Definition 1.4.2.1 - Induced Norm

The 2-norm of a matrix $A \in \mathbb{R}_{m \times n}$ is
\begin{equation*}
  ||A||_2 = \max_{\textbf{0} \neq \mathbf{x} \in \mathbf{R}^m} \frac{||A\mathbf{x}||}{||\mathbf{x}||} = \max_{\mathbf{x} \neq 0, ||\mathbf{x}|| = 1} ||A\mathbf{x}|| = \max_{\mathbf{x} \neq 0, ||\mathbf{x}|| = 1} \mathbf{x}^TA^TA\mathbf{x}
\end{equation*}


##### Theorem 1.4.2.2 - Rank of a SVD Matrix

Let $A \in \mathbb{R}^{m \times n}$ matrix with SVD
\begin{equation*}
  A = \sum_{j = 1}^r \sigma_j\mathbf{u}_j\mathbf{v}_j^T
\end{equation*}
For $k < r$, truncate the sum at the $k$-th term
\begin{equation*}
  A_k = \sum_{j = 1}^k \sigma_j\mathbf{u}_j\mathbf{v}_j^T
\end{equation*}
The rank of $A_k$ is $\text{rank}(A_k) = k$. By construction,
- the vectors $\{\mathbf{u}_j \ | \ j = 1, 2, \ldots, k\}$ are orthonormal
- since $\sigma_j > 0$ for $j = 1, 2, \ldots, k$, and the vectors $\{\mathbf{u}_j \ | \ j = 1, 2, \ldots, k\}$ are orthonormal, $\{\mathbf{u}_j \ | \ j = 1, 2, \ldots, k\}$ spans the column space of $A_k$.


##### Lemma 1.4.2.3 - Matrix Norms and Singular Values

Let $A \in \mathbb{R}^{m \times n}$ be a matrix with SVD
\begin{equation*}
  A = \sum_{j = 1}^r \sigma_j\mathbf{u}_j\mathbf{v}_j^T
\end{equation*}
where $\sigma_1 \geq \sigma_2 \geq \cdots \geq \sigma_r > 0$ and let $A_k$ be the truncation
\begin{equation*}
  A_k = \sum_{j = 1}^k \sigma_j\mathbf{u}_j\mathbf{v}_j^T
\end{equation*}
Then,
\begin{equation*}
  ||A - A_k||_2^2 = \sigma_{k + 1}^2
\end{equation*}

##### Theorem 1.4.2.4 - Eckart-Young-Mirsky Theorem (Low-Pank Approximation in the Induced Norm)

Let $A \in \mathbb{R}^{m \times n}$ be a matrix with SVD
\begin{equation*}
  A = \sum_{j = 1}^r \sigma_j\mathbf{u}_j\mathbf{v}_j^T
\end{equation*}
Let $A_k$ be the truncation
\begin{equation*}
  A_k = \sum_{j = 1}^k \sigma_j\mathbf{u}_j\mathbf{v}_j^T
\end{equation*}
with $k < r$. Then, for any matrix $B \in \mathbb{R}^{m \times n}$ of rank at most $k$,
\begin{equation*}
  ||A - A_k|_2 \leq ||A - B||_2
\end{equation*}

### **1.4.3 - Principal Component Analysis**

##### Definition 1.4.3.1 - Sample Mean The Mean-Deviation Matrix

Let $[\mathbf{X}_1, \mathbf{X}_2, \ldots, \mathbf{X}_n]$ be a $p \times N$ matrix of observation.
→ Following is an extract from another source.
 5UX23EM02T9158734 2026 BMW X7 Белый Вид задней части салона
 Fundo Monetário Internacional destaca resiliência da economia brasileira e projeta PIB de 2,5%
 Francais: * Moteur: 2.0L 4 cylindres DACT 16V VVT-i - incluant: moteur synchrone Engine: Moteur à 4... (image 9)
Then, the sample mean $M$ of the observation vectors $\mathbf{X}_1, \mathbf{X}_2, \ldots, \mathbf{X}_n$ is
\begin{equation*}
  \mathbf{M} = \frac{1}{N}(\mathbf{X}_1 + \mathbf{X}_2 + \ldots + \mathbf{X}_n)
\end{equation*}
Let the mean-deviation matrix $B$ be
\begin{equation*}
  B = [\hat{\mathbf{X}}_1, \hat{\mathbf{X}}_2, \ldots, \hat{\mathbf{X}}_n]
\end{equation*}
where $\hat{\mathbf{X}}_k = \mathbf{X}_k - \mathbf{M}$ for all $k = 1, 2, \ldots, N$. The mean-deviation matrix $B$ has a sample mean of zero.
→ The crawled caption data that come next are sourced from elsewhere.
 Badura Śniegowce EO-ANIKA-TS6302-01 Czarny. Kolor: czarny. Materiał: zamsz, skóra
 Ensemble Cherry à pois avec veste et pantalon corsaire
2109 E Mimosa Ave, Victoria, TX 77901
##### Definition 1.4.3.2 - The Covariance Matrix

The (sample) covariance matrix is the $p \times p$ matrix $S$ such that
\begin{equation*}
  S = \frac{1}{N - 1}BB^T
\end{equation*}
where $B$ is the $p \times N$ mean-deviation matrix and $N$ is the number of vectors in $B$.

##### Definition 1.4.3.3 - Principal Component Analysis (PCA)

Let $B$ be the $p \times N$ mean-deviation matrix. Principal Component Analysis (PCA) is a method that finds the first $k$ orthonormal vectors $\mathbf{v}_1, \mathbf{v}_2, \ldots, \mathbf{v}_n$, where $k \leq p$, such that the objective function
\begin{equation*}
  \frac{1}{N}\sum_{i = 1}^N \sum_{j = 1}^N \langle \mathbf{X}_i, \mathbf{v}_j \rangle^2
\end{equation*}
is maximized, where $\langle \mathbf{X}_i, \mathbf{v}_j \rangle$ is the length of the projection of $\mathbf{X}_i$ to $\mathbf{v}_j$.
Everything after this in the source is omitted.